If taking on the project meant earnings would slip to just meeting, rather
than exceeding, analysts' consensus estimate, 80% of companies said they
would pursue it. Apparently, beating estimates -- not just meeting them --
is a priority at some firms. If taking on the project meant missing the
estimate, rather than meeting it, just 59% of respondents would go forward
In the interviews, conducted by Mr. Harvey and Mr. Graham, company
executives gave concrete examples of ways in which they had sacrificed the
long-term health of the company in order to meet analyst estimates. One
spoke of having the financing available for six valuable projects, but only
going forward with three in order to ensure that analyst earnings
expectations were met. Falling short of expectations, this executive said,
would put his job in jeopardy.
In another interview, an executive told of a situation where his company
had an unexpectedly large gain on an investment. Taking the gain, the
company surmised, might lead analysts to ratchet up future earnings
forecasts to the point where it would be difficult to meet them. Rather
than face that, the company went to an investment bank that designed
investment vehicles that allowed it to smooth the gain over the following
10 quarters, according to the executive. Such a move is costly, points out
Mr. Harvey. Traditional theory would hold that taking the gain up front
would be more valuable.
Along a similar vein, some executives spoke of how they would put off or
only do minimal maintenance in order to hit targets, even though this meant
that equipment would wear out more quickly, entailing costly replacements
down the road. A chief financial officer at a research-intensive firm spoke
of how research and development spending is curtailed when there's a danger
that earnings will come below what the company has indicated -- even if the
R&D was adding to the company's net-present value. Conversely, if
results were coming in ahead of expectations, R&D spending would get
ratcheted up. Such tactics create a smoother earnings stream, which many
investors equate with financial stability.

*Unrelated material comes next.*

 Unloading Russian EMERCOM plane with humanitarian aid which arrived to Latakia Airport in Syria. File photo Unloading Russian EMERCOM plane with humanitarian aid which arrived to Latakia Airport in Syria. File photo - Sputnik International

Such thinking is anathema to Mr. Harvey: "If something of value is on
the table, you should take it, because that's what's good for shareholders,
and that's what's good for the economy," he says.
In their forthcoming paper, Mr. Harvey and his co-authors point out that
many executives feel that they are unhappily locked into a situation where
the short-term focus of the market has affected their behavior. One CFO
talked of how "analysts viciously turn on you when you fail to come in line
with their projections." Mr. Harvey thinks that executives' frankness in
detailing how they would give up economic gain to hit short-term targets
may be tantamount to a cry for help -- that they're desperate for a change
in the status quo.
Many in the investing community, too, decry what they see as an
excessive focus on short-term factors within the stock market, even after a
rash of accounting scandals.
"It's a phenomenon that's gathered steam," says Steve Henningsen, a
financial adviser at the Wealth Conservancy in Boulder, Colo.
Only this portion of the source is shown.